The 1998 Australian Grand Prix (formally the 1998 Qantas Australian Grand Prix) was a Formula One motor race held at the Albert Park street circuit in inner Melbourne on 8 March 1998 at 14:00 AEDT (UTC+10). It was the 63rd race in the combined history of the Australian Grand Prix that dates back to the 100 Miles Road Race of 1928. It was the first of the sixteen races of the 1998 FIA Formula One World Championship and held over 58 laps of the 5.3 kilometre street circuit and the sixth to be held on the Albert Park venue first used in 1953, or the third since the new circuit first hosted the race in 1996.

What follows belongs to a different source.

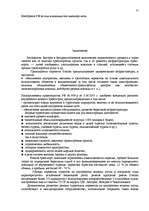 Research Papers 'Водный транспорт', 25.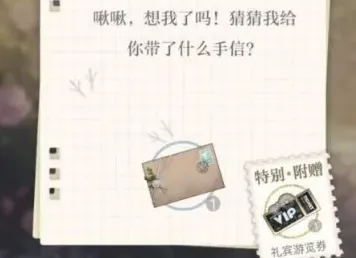 光与夜之恋vip游览券获得攻略教程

The race was dominated by the McLaren-Mercedes team and won by Mika Häkkinen over his teammate David Coulthard in controversial circumstances. Williams driver Heinz-Harald Frentzen finished third, more than one lap behind. The race also represented the first win for Japanese tyre manufacturer Bridgestone in Formula One and the first race since the 1991 Canadian Grand Prix not won by Goodyear. Johnny Herbert scored his only point of the season.

Race summary

The McLarens of Mika Häkkinen and David Coulthard made good starts from the front row of the grid, but Ferrari's Michael Schumacher, starting third, also had a good start and tried to overtake second place Coulthard. The Ferrari driver stayed with the McLarens, but retired on lap 6 when his engine failed. This handed third place to the Williams of Jacques Villeneuve, who was being chased by Benetton's Giancarlo Fisichella.

After the first round of pitstops, Villeneuve found himself behind teammate Heinz-Harald Frentzen, Ferrari's Eddie Irvine and Fisichella. Fisichella was able to pass Frentzen for third but then retired with mechanical failure, leaving Frentzen to finish just ahead of Eddie Irvine's Ferrari which had gambled on a one-stop strategy. Villeneuve was lapped soon after this by the McLarens, but he still managed to finish in fifth place.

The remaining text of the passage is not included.